Uploaded image for project: 'JDK'
  1. JDK
  2. JDK-8277163

Value Objects (Preview)

    XMLWordPrintable

    Details

    • Type: JEP
    • Status: Submitted
    • Priority: P3
    • Resolution: Unresolved
    • Fix Version/s: None
    • Component/s: None
    • Labels:
      None
    • JEP Type:
      Feature
    • Exposure:
      Open
    • Scope:
      SE
    • Discussion:
      valhalla dash dev at openjdk dot java dot net
    • Effort:
      XL
    • Duration:
      XL

      Description

      Summary

      Enhance the Java object model with value objects, class instances that have only final instance fields and lack object identity. This is a preview language and VM feature.

      Goals

      This JEP provides for the declaration of identity-free value classes and specifying the behavior of their instances, called value objects, with respect to equality, synchronization, and other operations that traditionally depend upon identity.

      At runtime, the HotSpot JVM will prefer inlining value objects where feasible, in particular for JIT-compiled method calls and local operations. An inlined value object is encoded directly with its field values, avoiding any overhead from object headers, indirections, or heap allocation.

      Non-Goals

      Value class types are reference types. The Valhalla project is also developing user-defined primitive types, but these will require additional changes to the Java object model and type system. See "Dependencies" for details.

      Existing value-based classes in the standard libraries will not be affected by this JEP. Once the features of this JEP become final, those classes will be available for migration to value classes as a separate task.

      Motivation

      Java's objects and classes offer powerful abstractions for representing data, including fields, methods, constructors, access control, and nominal subtyping.

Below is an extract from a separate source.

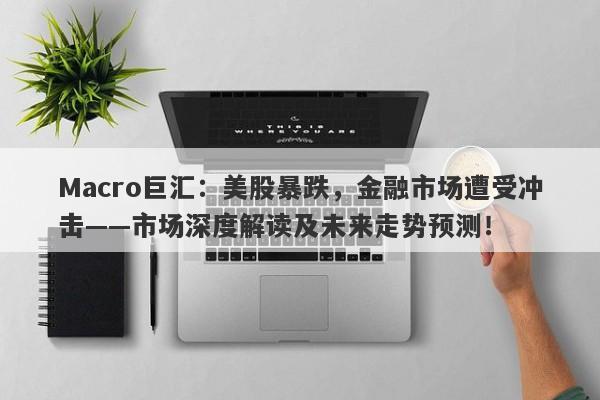 Macro巨汇：美股暴跌，金融市场遭受冲击——市场深度解读及未来走势预测！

Every object also comes with identity, enabling features such as field mutation and locking.

      Many classes don't take advantage of all of these features. In particular, a significant subset of classes don't have any use for identity—their field values can be permanently set on instantiation, their instances don't need to act as synchronization locks, and their preferred notion of equality makes no distinction between separately-allocated instances with matching field values.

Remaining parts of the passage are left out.